Information supplied »
★ ★ ★
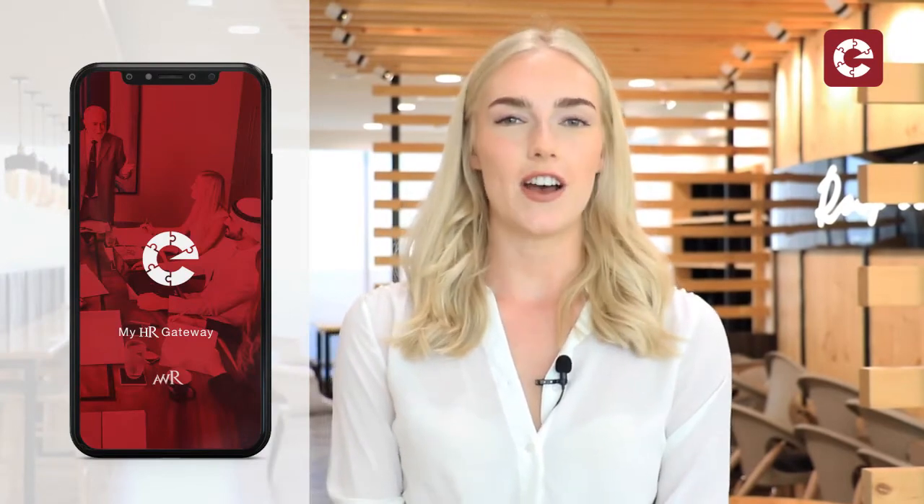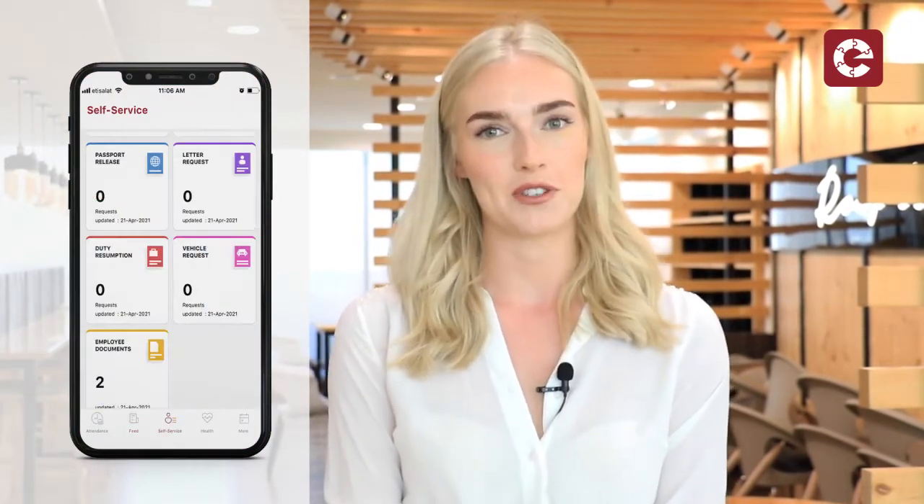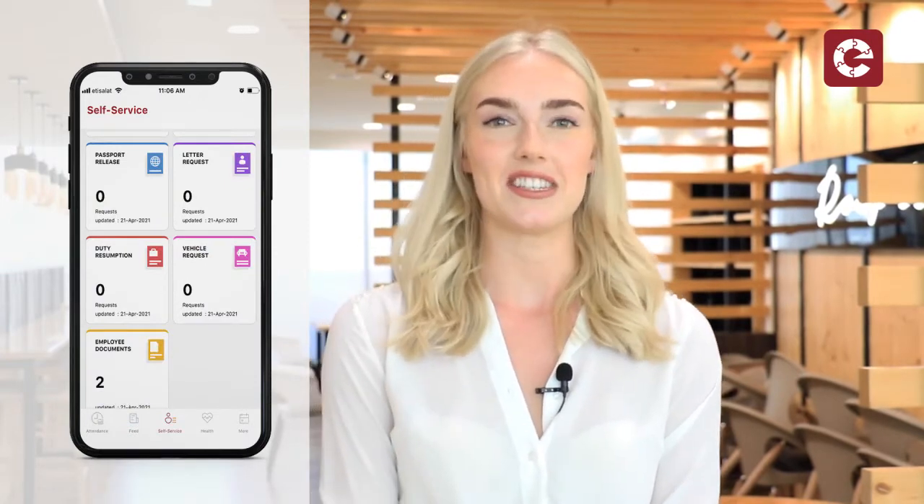The AWR Engage app was developed to help employees engage virtually, communicate company news and act as a digital platform to request HR related services.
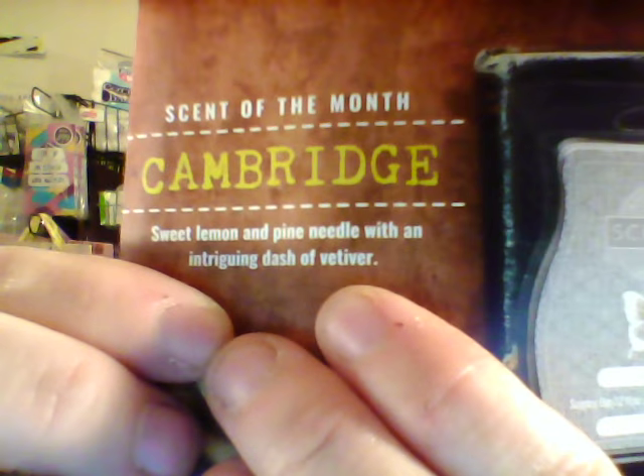Let's see what Scentsy's description is of Cambridge. Sweet lemon and pine needle with an intriguing dash of vetiver. I don't know what vetiver is, but it must smell good. I get a little bit of lemon after I rub it. After you warm it up, you get more notes. But yeah, if you like the man scents, you're going to love this one. It's very, very nice.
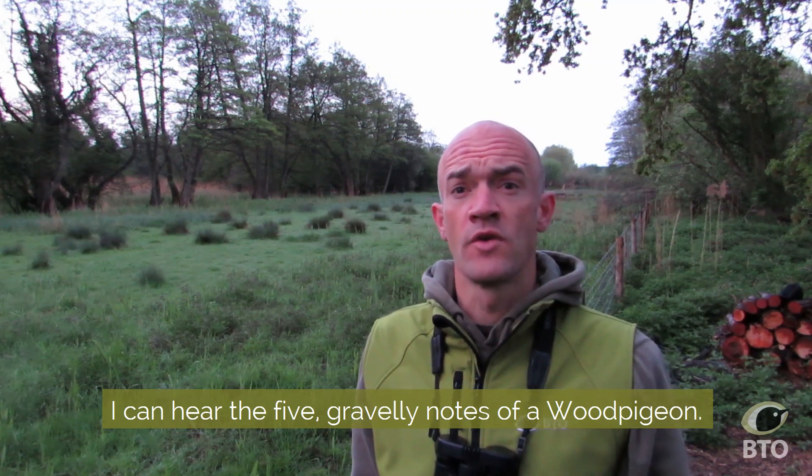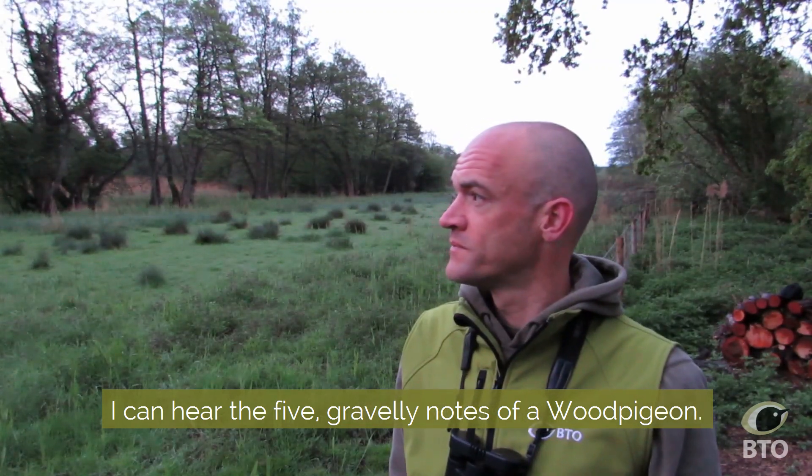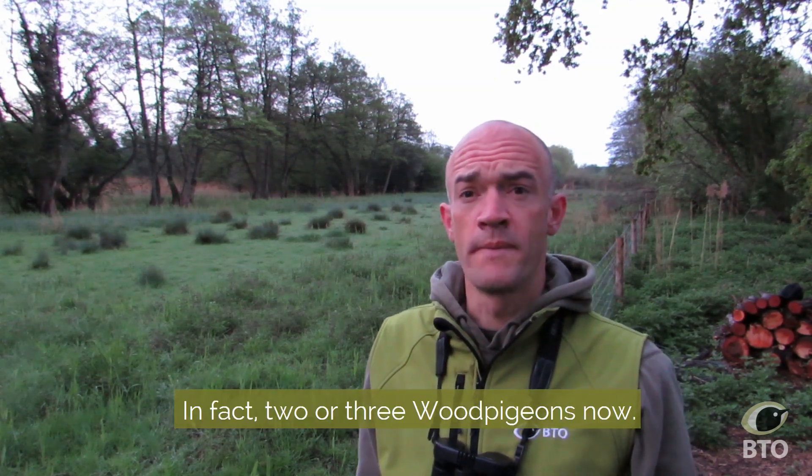I can hear the five gravelly notes of a wood pigeon. In fact, two or three wood pigeons now.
★ ★ ★
Brief »
Here the lines from the one with "Let's see what" through the last line of the data above need to be repeated exactly, both included, and any picture omitted.

Answer to this exercise »
Let's see what Scentsy's description is of Cambridge. Sweet lemon and pine needle with an intriguing dash of vetiver. I don't know what vetiver is, but it must smell good. I get a little bit of lemon after I rub it. After you warm it up, you get more notes. But yeah, if you like the man scents, you're going to love this one. It's very, very nice.
I can hear the five gravelly notes of a wood pigeon. In fact, two or three wood pigeons now.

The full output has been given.